Attention, je ne dénigre aucunement ces croyances en la contingence. On donne le nom qu'on veut. Il faut savoir traduire. A=A marche dans son propre domaine, mais pas forcément partout. Je pense par exemple, et cela va me faire passer pour un woowoo peut-être sur le coup, que jouer à la guerre, même sur un "jeu" en ligne ou sur plateau, ou en scénario, ne se limite pas à au média. Il n'y a pas de simulation totalement gratuite et isolée, contingente. On dit que des jeux vidéo violents ne rendent pas violents. Oui, il y a des mécanismes qui peut-être agissent en abaissant la violence par ailleurs. Mais si on pense aux mécanismes utilisés dans la publicité, ce n'est pas ainsi que ça fonctionne. La causalité n'est pas aussi directe et franche. Il ne faut pas être naïf sur ce point, et surestimer notre "conscient" (je n'aime pas trop cette référence mais par défaut...).

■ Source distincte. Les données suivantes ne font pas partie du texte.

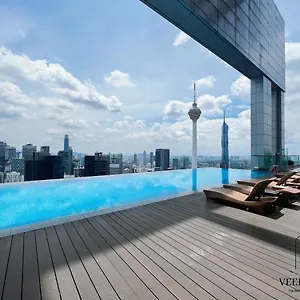  Apartment The Platinum Klcc By Veedu Hauz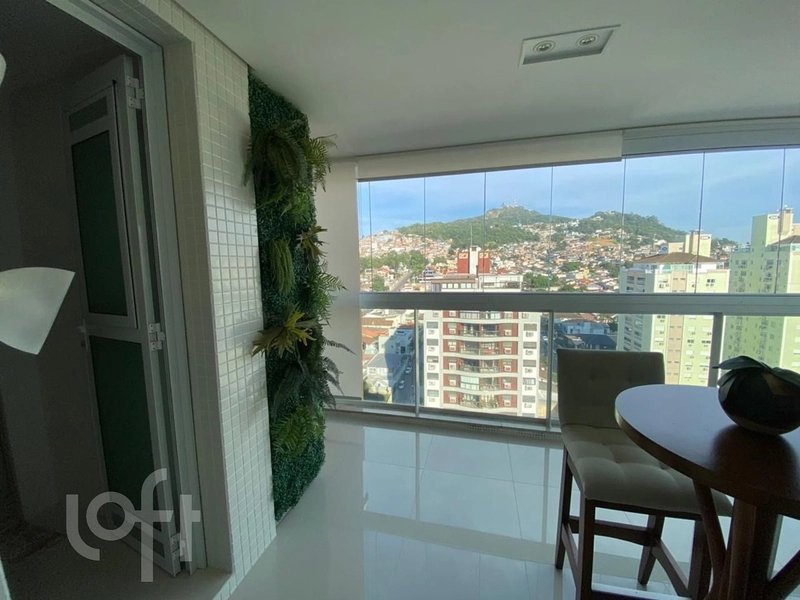Apartamento de 02 dormitórios sendo 02 suítes no bairro Agronômica: 9ª foto da galeria de imagens do imóvel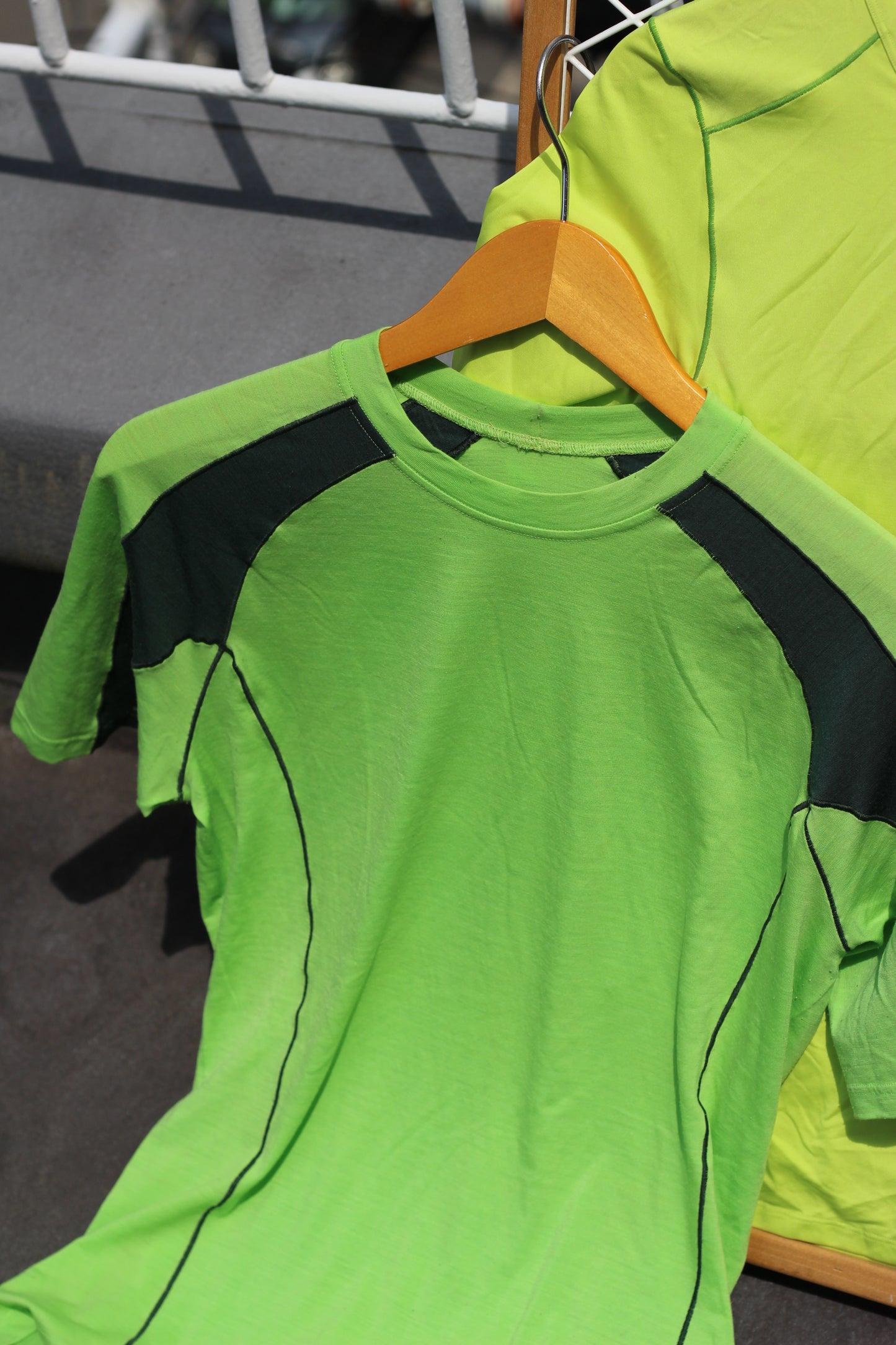 Patagonia Sporty T-Shirt x4点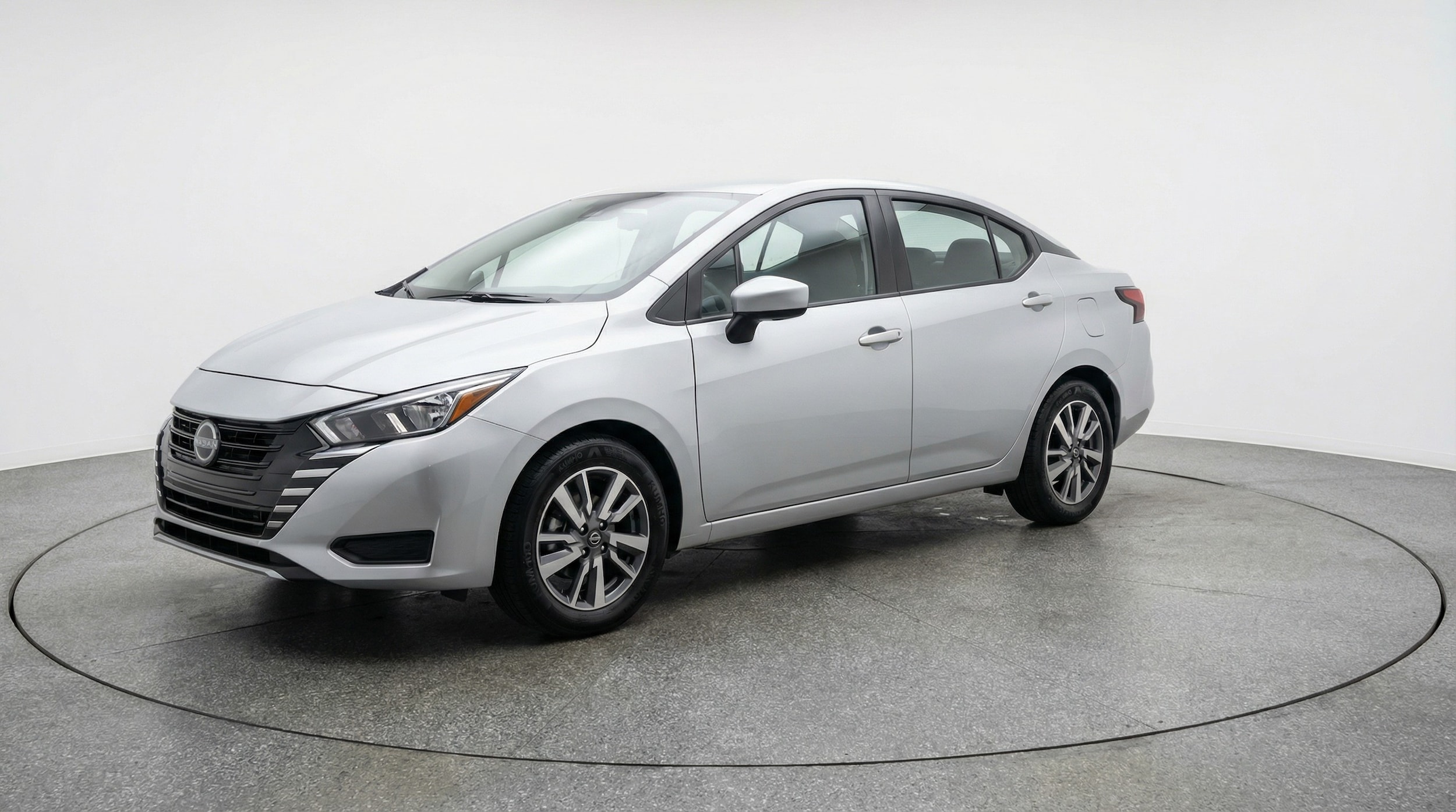 Thumbnail: 2025 Nissan Versa - 3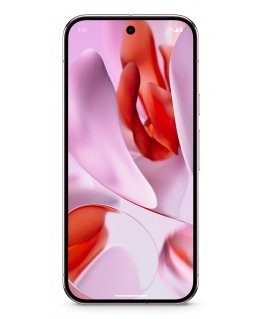 Google Pixel 9 Pro XL 17.3 cm (6.8"), 16 GB, 256 GB, 50 MP, Android 14, Rose Quartz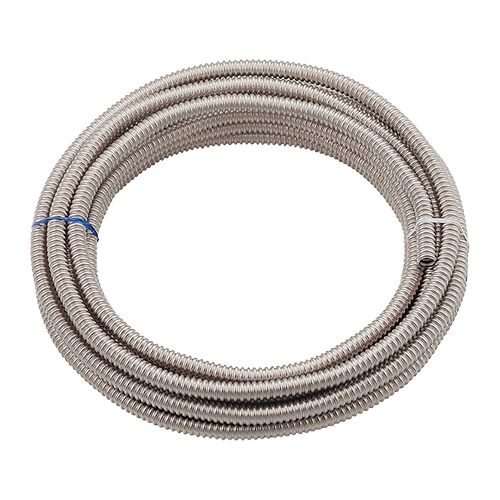EA424AC-13 エスコ 呼13/16.0mm x10m フレキパイプ(ステンレス製) （カクダイ 6710-13x10）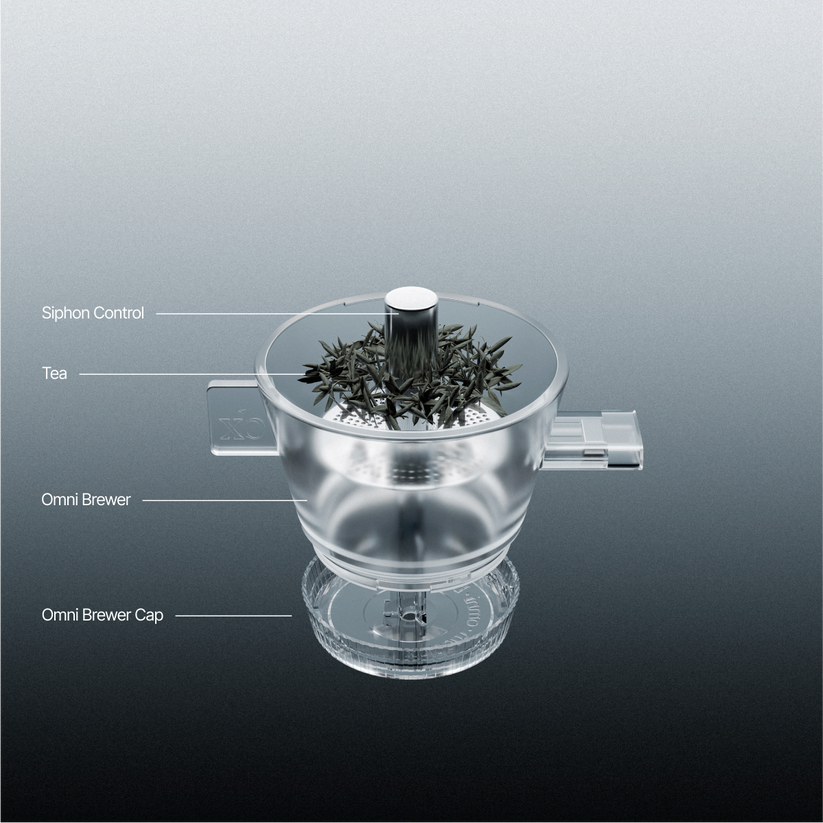 xBloom | Tea Brewer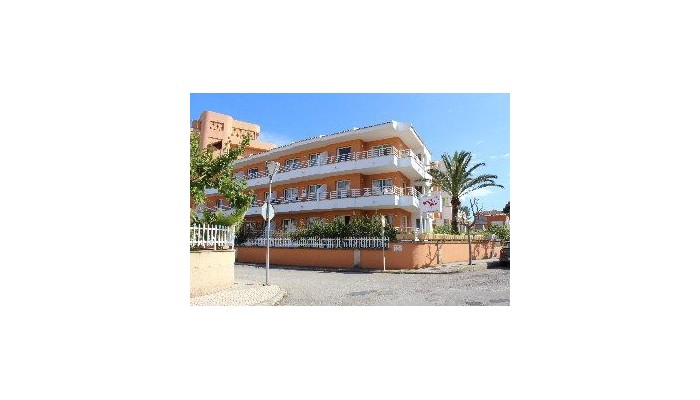 Hotel Baulo Mar poza 0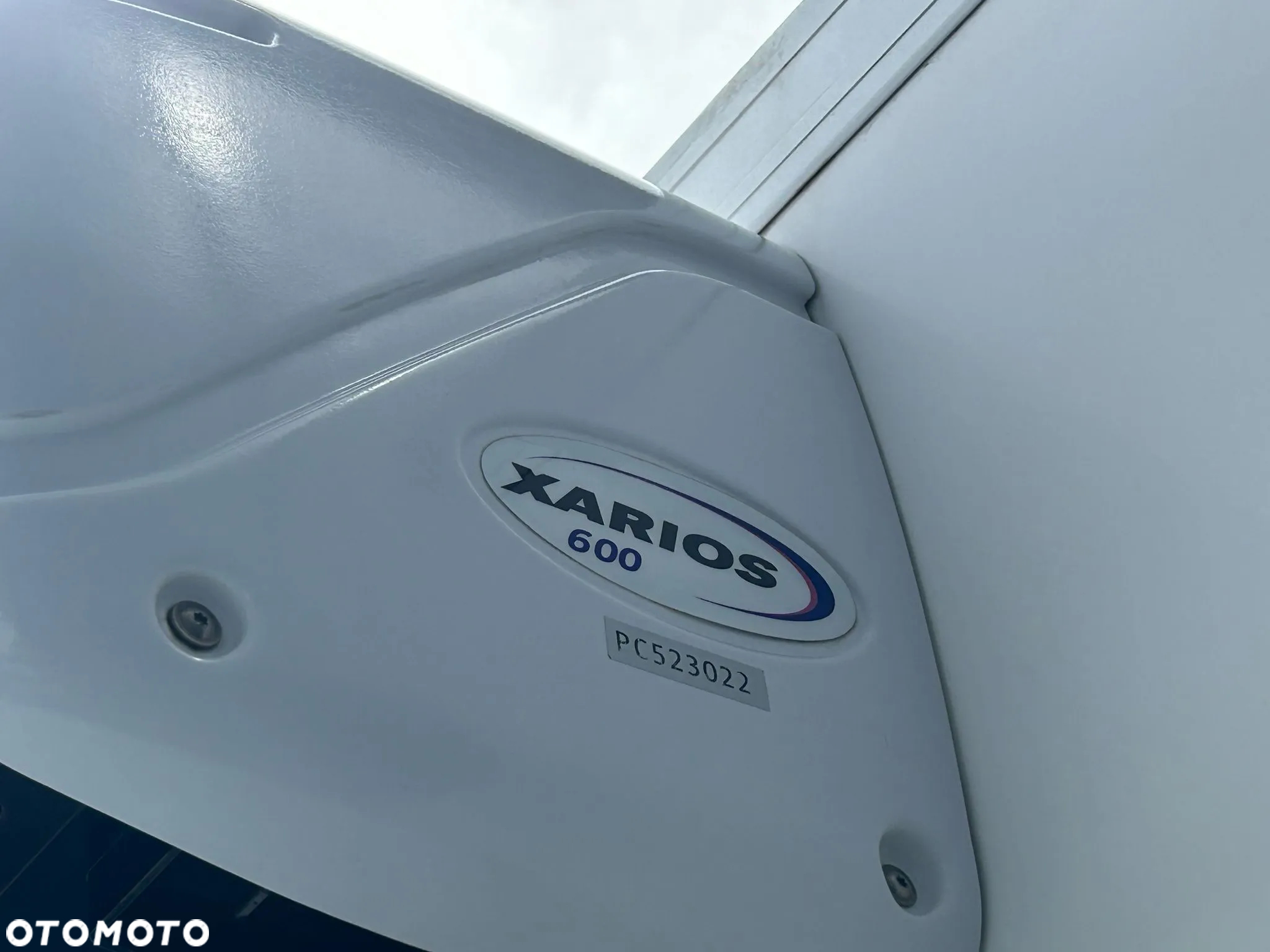 Iveco Daily 70C15 3.0 HPI Chłodnia Mroźnia 9 palet + winda 1000kg **Bez Adblue**Climatronic**Sprowadzony**2016R** - 19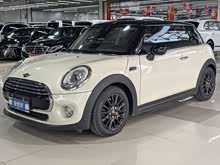 MINI 2014�� 1.5T COOPER Fun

La croyance en la contingence peut se révéler très agréable. Puisque tout est là et seulement là et que tout s'arrête à ma mort, ma responsabilité, mon existence, etc. Bizarrement, en arguant de rationalisme ici, on coupe la causalité où ça nous arrange. Ce à quoi on va peut être invoquer le rasoir d’Ockham, l'hypothèse la plus simple, la parcimonie, tout ça. C'est un pari. Pourtant la parcimonie ne s'applique pas dans les calculs, dans l'usage des observations via divers outils et expériences, on en a jamais assez semble-t-il parfois. A méditer.